In reality, the Baroque masters did not intend their music to be treated as relaxing, suitable for dinner or office usage.  In fact, according to Judy Tarling in The Weapons of Rhetoric:  A Guide for Musicians and Audiences, “The ubiquitous use of music written in the rhetorical style (Brandenburg Concertos, Vivaldi’s ‘Four Seasons’) as ‘easy listening’ background music in the shopping mall, lift or supermarket is disturbing and devalues its rhetorical worth.” (Page iv)  Tarling continues on by noting that even though some music of the period was used as background music, it was nonetheless appropriately tailored such that it would not be too taxing on the audience’s emotions.  In other words, composers wrote music specifically intended for this purpose.  Take Telemann’s Tafelmusik, for example; the title literally means “dinner music”, and other composers of the period wrote collections under the same title for the same purpose.  Listening to Telemann’s piece described above, I find it somewhat bland compared to other Baroque masterpieces that I have heard.  And no wonder, since it was deliberately written to be bland!

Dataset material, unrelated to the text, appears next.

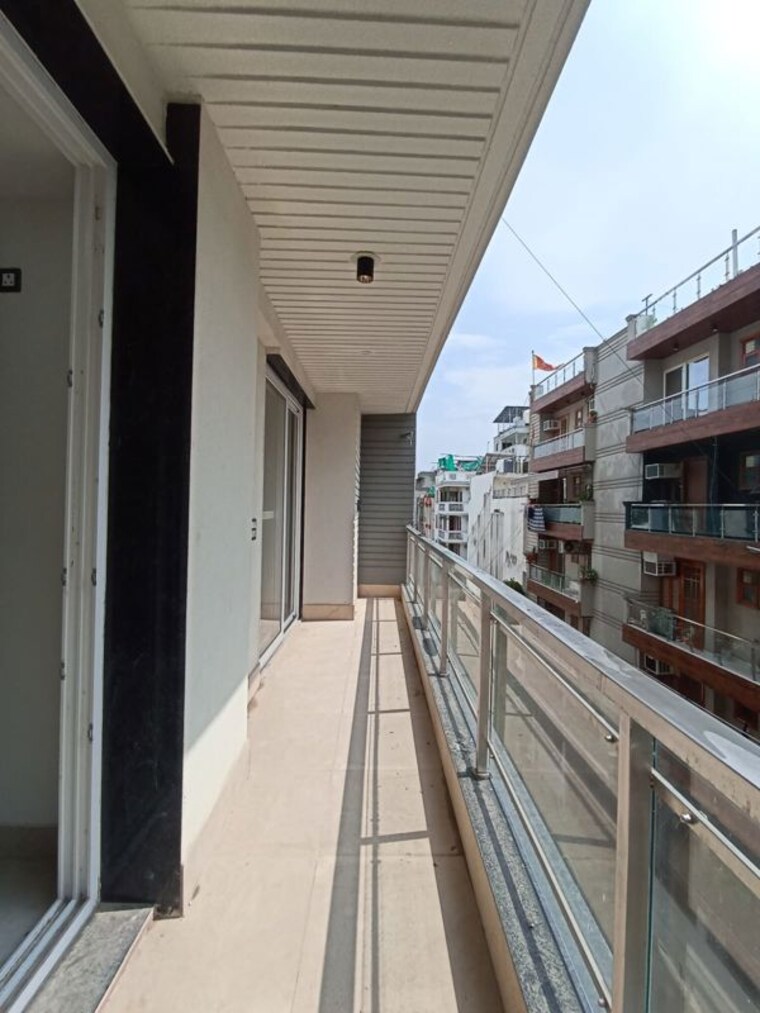 Balcony, freedom fighters enclave 4 Bedroom 2000 Sq.Ft. Builder Floor In Freedom Fighters Enclave Delhi 10091316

Recently, I have noticed an ongoing trend to mass-market Baroque and classical music in general.  While I do advocate its usage to aid special needs children and its usage in public places (MUCH better than hard rock!), the “easy listening Baroque” trend does not gel with me well.  In particular, “Relaxing Pachelbel” CDs at Target and entire CD series of Baroque with nature sounds do not rub me right, since the music is becoming too commercial not unlike a McDonald’s Cheeseburger.  As the music was written to arouse emotion, transforming it into bland “muzak” is totally against the composer’s intentions, and while mass-marketing Baroque can be done tastefully (as I have seen), this is going too far.  I totally understand that historically correct performance cannot be enforced in all situations and totally support  today’s generation gaining exposure to quality music, but there is a place where to draw the line.  Seagulls and Purcell just do not mix.